The prototype interface supports a number of searching and browsing features. For the purposes of this article we focus our attention on the options for searching the newspaper in the collection. The first option consists
in submitting a query from the full-text search box available in every page. This creates a results list of all the
issues containing the searched terms with each term highlighted in every place it occurs on the page. Then the
user can choose the appropriate page format for printing or for browsing. The second possibility to find relevant
articles is to limit the range to a particular year or issue, using the specific search boxes available in the homepage (full-text search, searching by year, by issues, sample thematic tracks and index of names).
266
Current uses of digital historical newspapers
Who is the typical reader of digital historic newspapers? The answer to this question is not an easy one: despite the growing popularity of historical newspapers among readers, very little research has been done regarding
their current uses and users. There have been, however, at least two studies suggesting that old newspapers engage a broad audience, both academic and non-academic. A survey conducted under the NEWSPLAN Scotland
project, exploring the use of historic newspapers on microfilm in Scottish Public Libraries, revealed that for nonacademic readers
who are seeking titles older than a hundred years, the major reasons for using the newspapers were family and
local history. Users wanted to look at birth, marriage and death records […], weather reports, shipping records, information on soldiers, school board information, and gaining insight into Scottish perspective in major historic events” [Jones 2004, doc. online, p. 26].
Concerning the use of 19th century newspapers by academic and scholar audience, [Jones 2004, doc. online]
shows that they serve as important historical sources, both primary and secondary, for scholars of multiple disciplines (historians, archaeologists, geographers, geologists, linguists, etc.), as well as for librarians, teachers, students, and genealogists [Jones 2004, doc. online, p. 2]. Nevertheless, even though considerable useful information has been forthcoming from these studies, they do not fully answer the questions about users of digital historic newspapers. Indeed, both studies have inquired about users of these resources in their traditional forms
(printed format or microfilm), and they do not discuss the specific ways those traditional user groups have utilized them.
This lack of studies regarding the specific user and use of digital historic newspaper collections can be explained, in our opinion, by two factors. Firstly, a great many of those projects are in their infancy: the oldest still
running projects are less than ten years old. Secondly, the study of uses in a digital environment proves to be
difficult.
Indeed, investigating the current and potential user information needs and behavior in the digital context
presents several specific challenges. One of them is to adopt “a robust and scientifically grounded methodology
that provides rich and detailed data on the working habits of users interacting with digital materials” [Snow et al.

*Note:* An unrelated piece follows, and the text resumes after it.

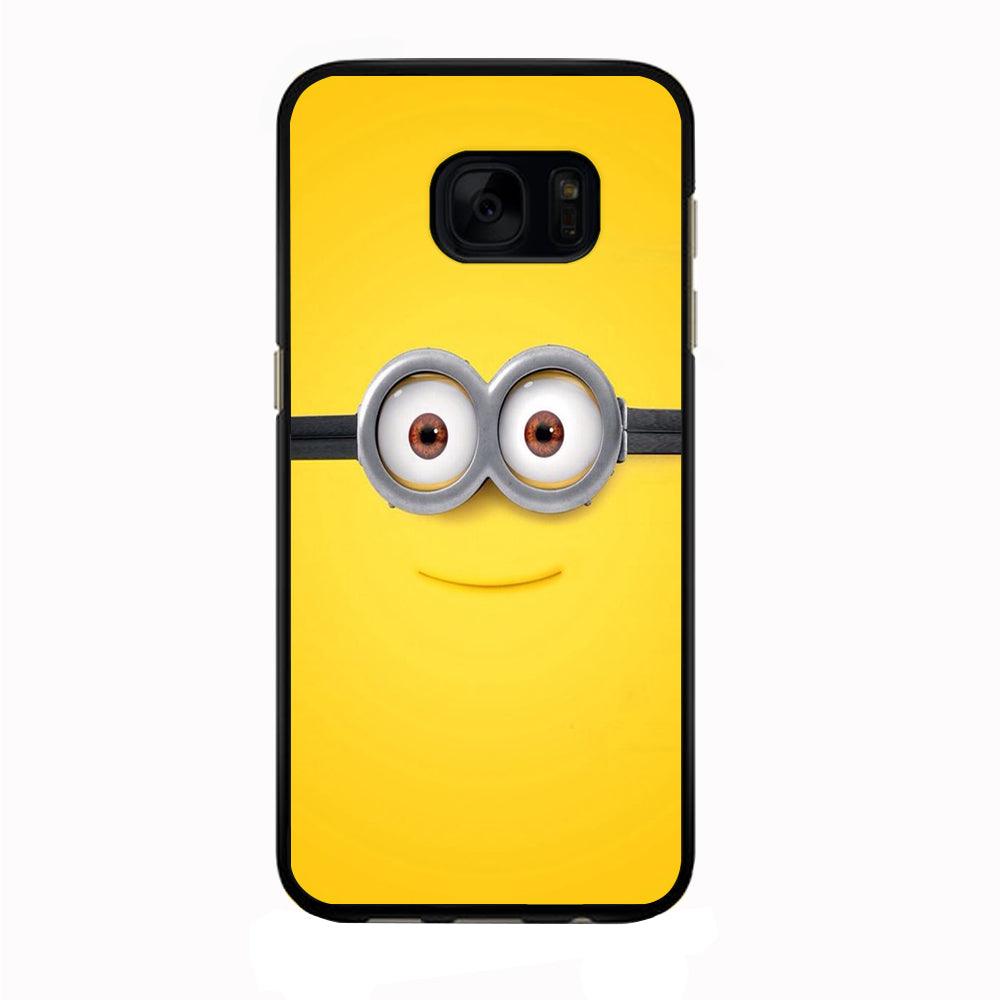 Minion Smiley Face Samsung Galaxy S7 Edge Case-Rubber / Black (2D Case)-Xtracase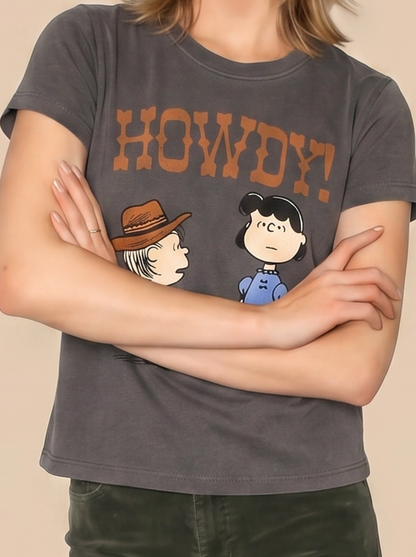 Peanuts Charlie Brown and Lucy Howdy Baby Tee Womens T Shirt Grey Officially Licensed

2008, doc. online]. In order to collect the most detailed and rigorous data, researchers apply a number of qualitative and quantitative research methods, including questionnaires, interviews, focus group interviews, observation
and experiments. In user studies which aim to investigate information needs and behavior, observation and interviews have been found to be the most valuable methods [Gorman, Clayton 2005; Inskip et al. 2007]. However,
in the digital environment, these traditional data collection techniques pose a severe practical problem. As we
argued earlier, a historical document collection in a traditional library, as a physical (and often unique and as
unique, valuable) object, can be accessed in one place and by one user at a time. Its digital surrogate, freed from
the physical constraints of library and freely available on the library website, has the virtues of ubiquity and simultaneity [Deegan 2001, p. 402]. It can be accessed continuously and simultaneously, from anywhere (or virtually anywhere), at any time and by anyone, library subscriber or random website visitor, having an access to
a computer or other type of terminal connected to the network. In that context, a key question arises: how to
reach this physically absent, geographically dispersed and culturally unbounded reader population?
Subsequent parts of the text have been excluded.